Probabilistic Automatic Differentiation

Classical automatic differentiation computes derivatives of deterministic programs.

Probabilistic Automatic Differentiation

Classical automatic differentiation computes derivatives of deterministic programs.

A probabilistic program instead describes random variables, probability distributions, and stochastic transformations. The output is not a single value but a distribution, expectation, likelihood, or sampled trajectory.

Probabilistic automatic differentiation studies how derivatives propagate through such systems.

This includes:

Problem Example
differentiating expectations stochastic optimization
differentiating sampling procedures variational inference
differentiating probabilistic programs Bayesian learning
differentiating Monte Carlo estimators simulation gradients
differentiating stochastic dynamics diffusion models

The central challenge is that randomness introduces discontinuities, variance, and estimator bias into the differentiation process.

Deterministic vs Stochastic Computation

A deterministic computation defines

$$ y = f(x,\theta). $$

A stochastic computation introduces random variables:

$$ y = f(x,\theta,\omega), $$

where

$$ \omega \sim p(\omega). $$

The quantity of interest is often an expectation:

$$ L(\theta) = \mathbb{E}{\omega \sim p\theta} [\ell(f(\theta,\omega))]. $$

The derivative becomes

$$ \nabla_\theta L(\theta). $$

The difficulty is that both the sampled value and the distribution itself may depend on θ.

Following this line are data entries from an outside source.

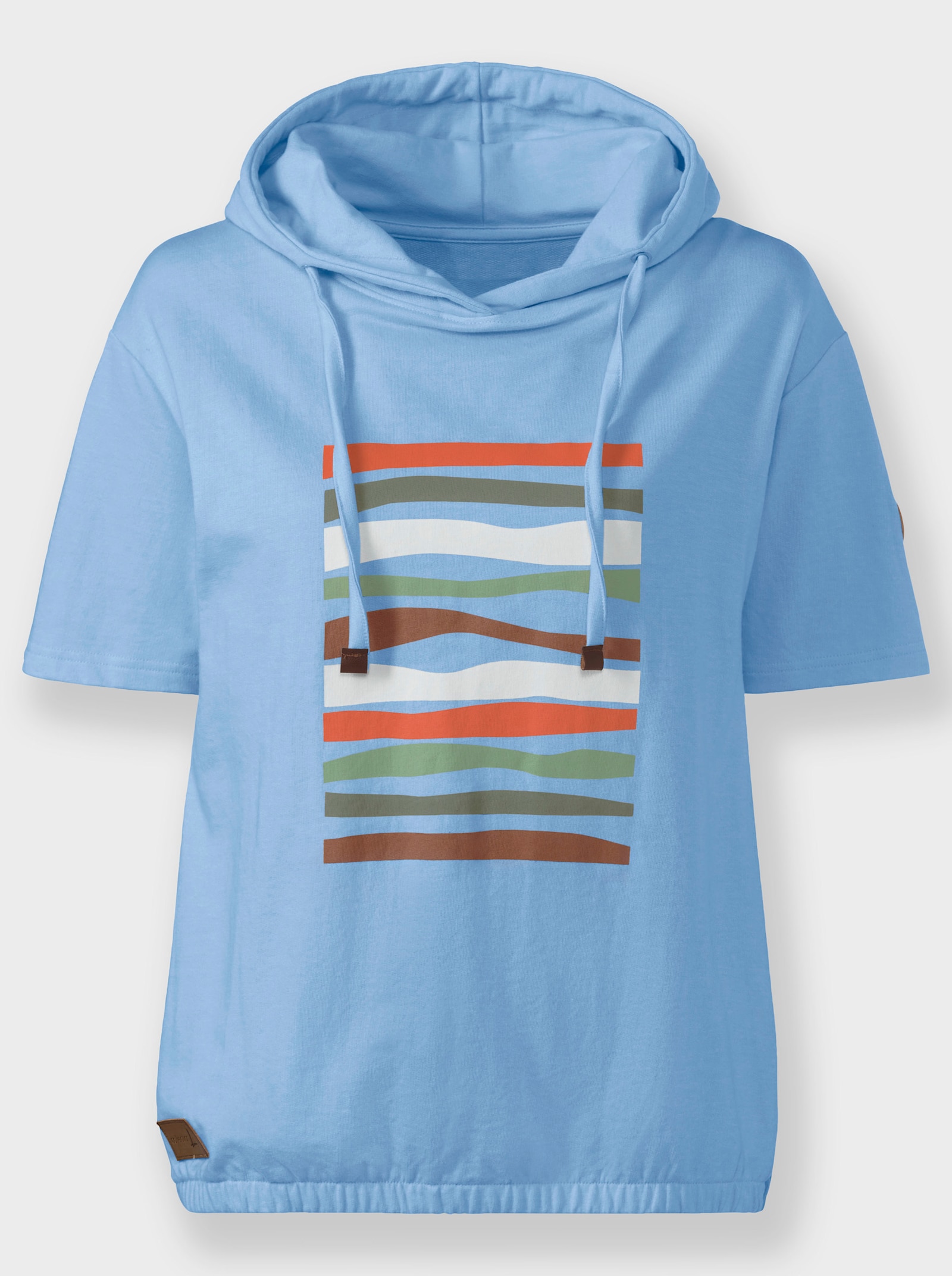 Kapuzensweatshirt mit elastischem Saum - eisblau-ecru-bedruckt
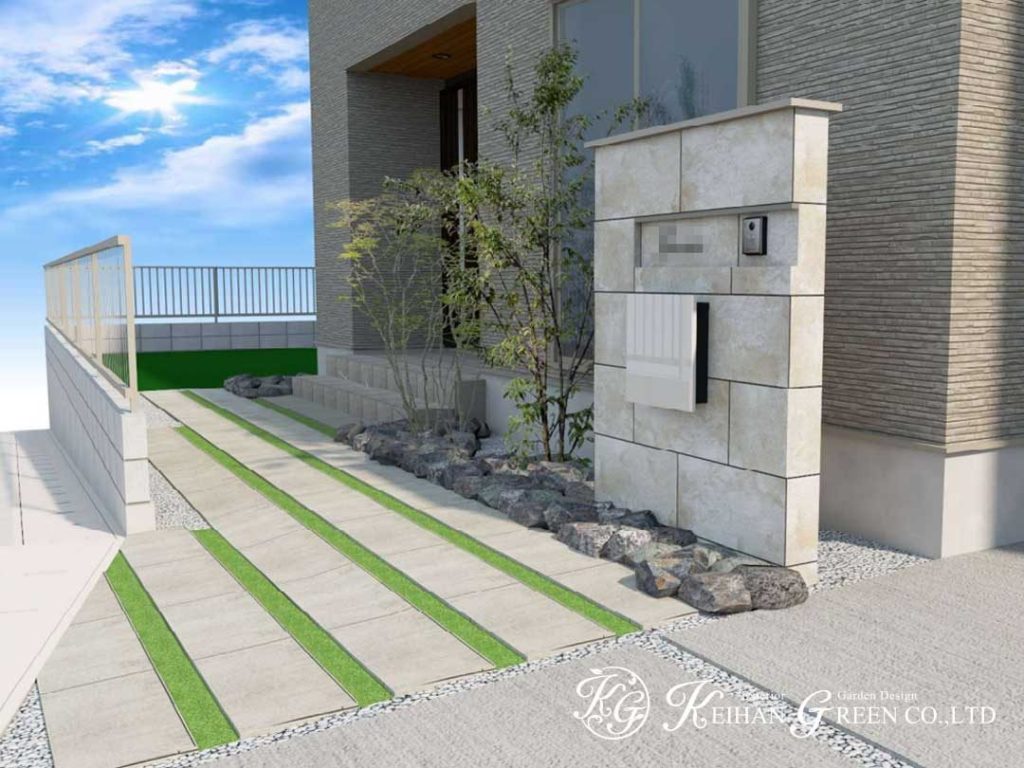 タイルに植栽の緑が映えるナチュラルモダン外構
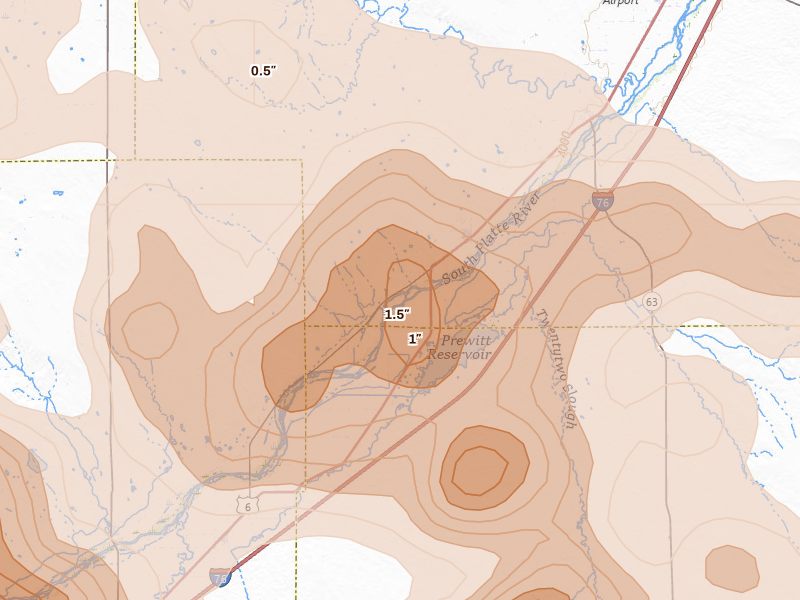 Radar-estimated hail-size map of the storm over Merino, CO on Jun 24, 2026
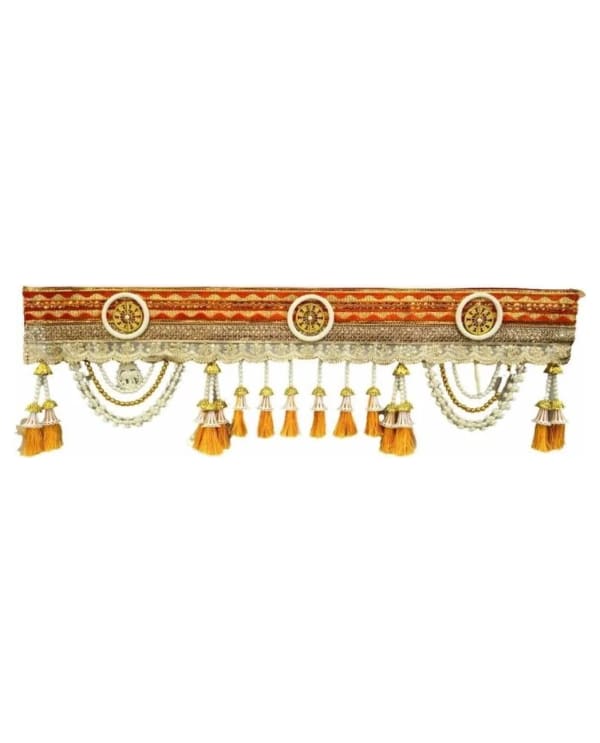 Orange Wheel-Medallion Band Tassel Toran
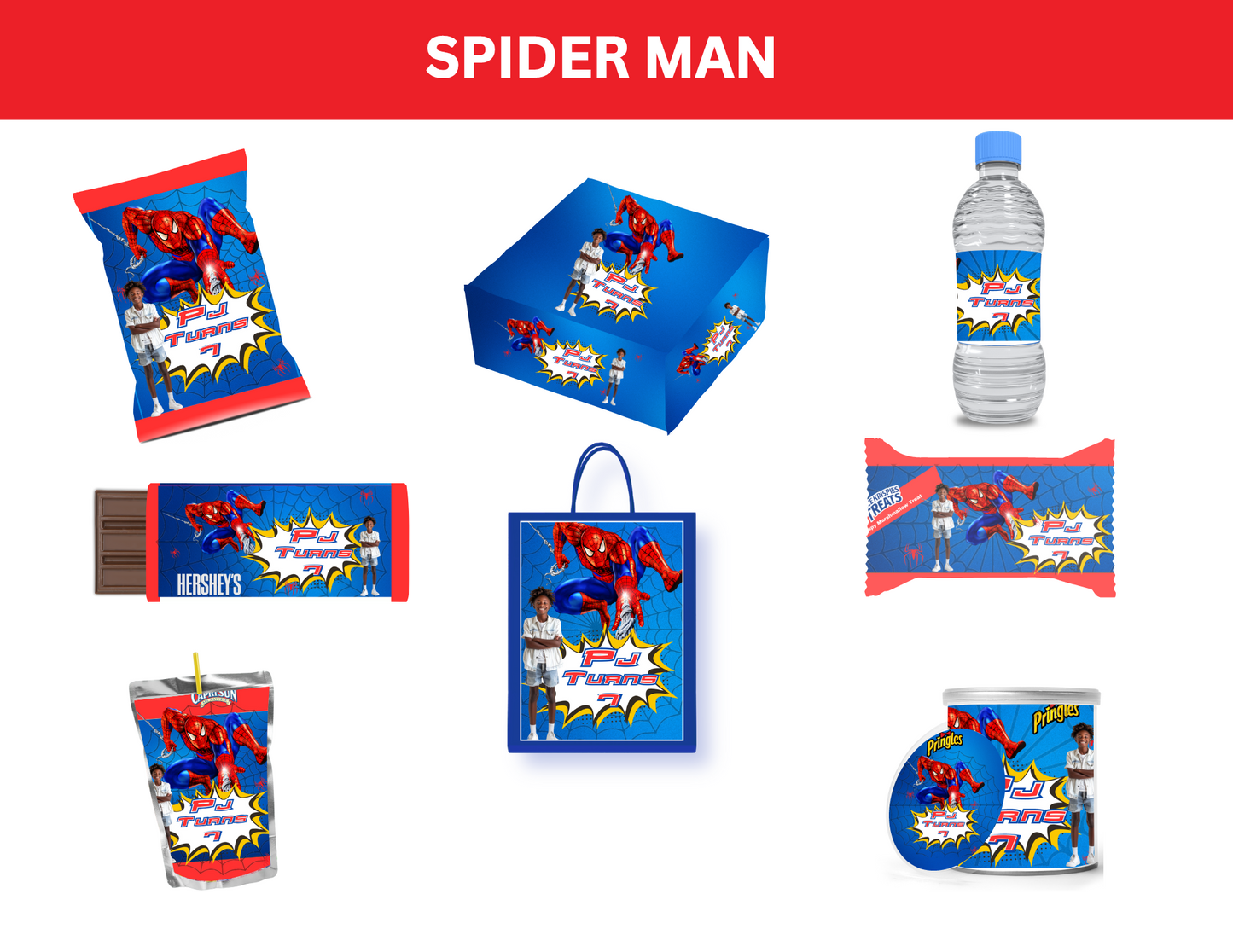 Party Favors Box - Customized - Spider Man (Min Order Qty - 8)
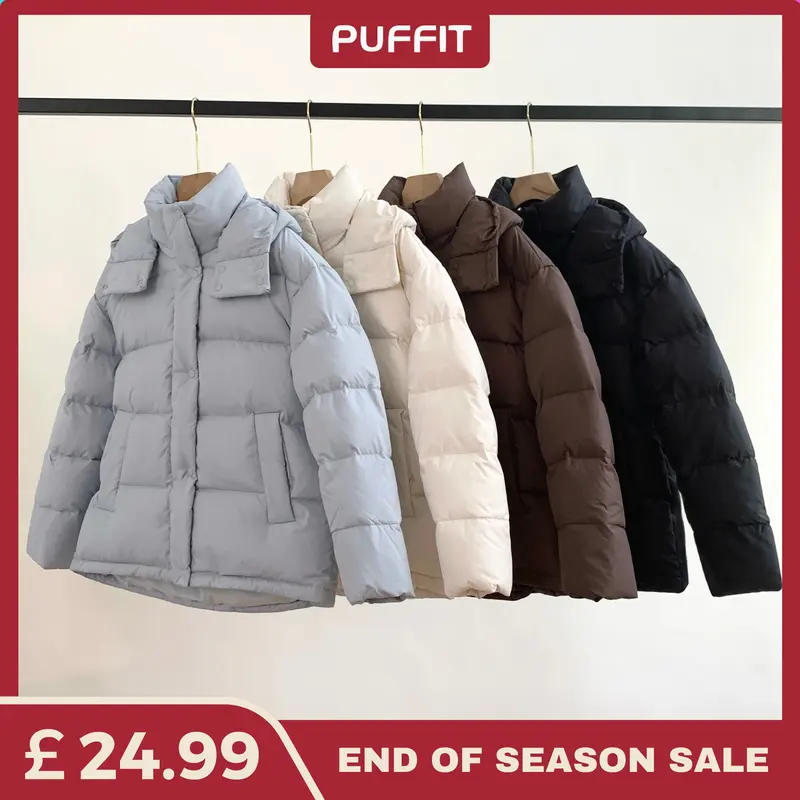 Go.G.G Women's Winter Basic Warm Fitted Button Puffer Jacket, Puffer Coat with Removable Hood Zip 0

Differentiating Expectations

Suppose

$$ L(\theta)=\mathbb{E}{x\sim p\theta(x)}[\ell(x)]. $$

Expanding the expectation:

$$ L(\theta) = \int \ell(x)p_\theta(x),dx. $$

Differentiate under the integral:

$$ \nabla_\theta L = \int \ell(x)\nabla_\theta p_\theta(x),dx. $$

Using

$$ \nabla_\theta p_\theta(x) = p_\theta(x)\nabla_\theta \log p_\theta(x), $$

we obtain

$$ \nabla_\theta L = \mathbb{E}{x\sim p\theta} [ \ell(x)\nabla_\theta \log p_\theta(x) ]. $$

This is the score-function estimator.

It is also called:

Name Context
REINFORCE estimator reinforcement learning
likelihood-ratio estimator statistics
score-function gradient probabilistic inference

The estimator does not require differentiating through the sampled value itself.

Score-Function Estimator

The score-function estimator is

$$ \nabla_\theta \mathbb{E}{x\sim p\theta} [\ell(x)] = \mathbb{E} [ \ell(x)\nabla_\theta \log p_\theta(x) ]. $$

Monte Carlo approximation gives

$$ \nabla_\theta L \approx \frac{1}{N} \sum_{i=1}^N \ell(x_i)\nabla_\theta \log p_\theta(x_i). $$

This estimator is general.

It works even when:

Situation Supported
discrete random variables yes
non-differentiable samples yes
black-box simulators yes

However, it often has very high variance.

Large variance leads to unstable optimization and slow convergence.

Reparameterization Trick

Suppose samples can be written as

$$ x = g(\theta,\epsilon), \qquad \epsilon \sim p(\epsilon), $$

where the randomness is independent of θ.

Then

$$ L(\theta) = \mathbb{E}_{\epsilon} [ \ell(g(\theta,\epsilon)) ]. $$

Now the expectation is over a fixed distribution. The derivative becomes

$$ \nabla_\theta L = \mathbb{E}{\epsilon} [ \nabla\theta \ell(g(\theta,\epsilon)) ]. $$

This allows ordinary reverse-mode AD through the sampled computation.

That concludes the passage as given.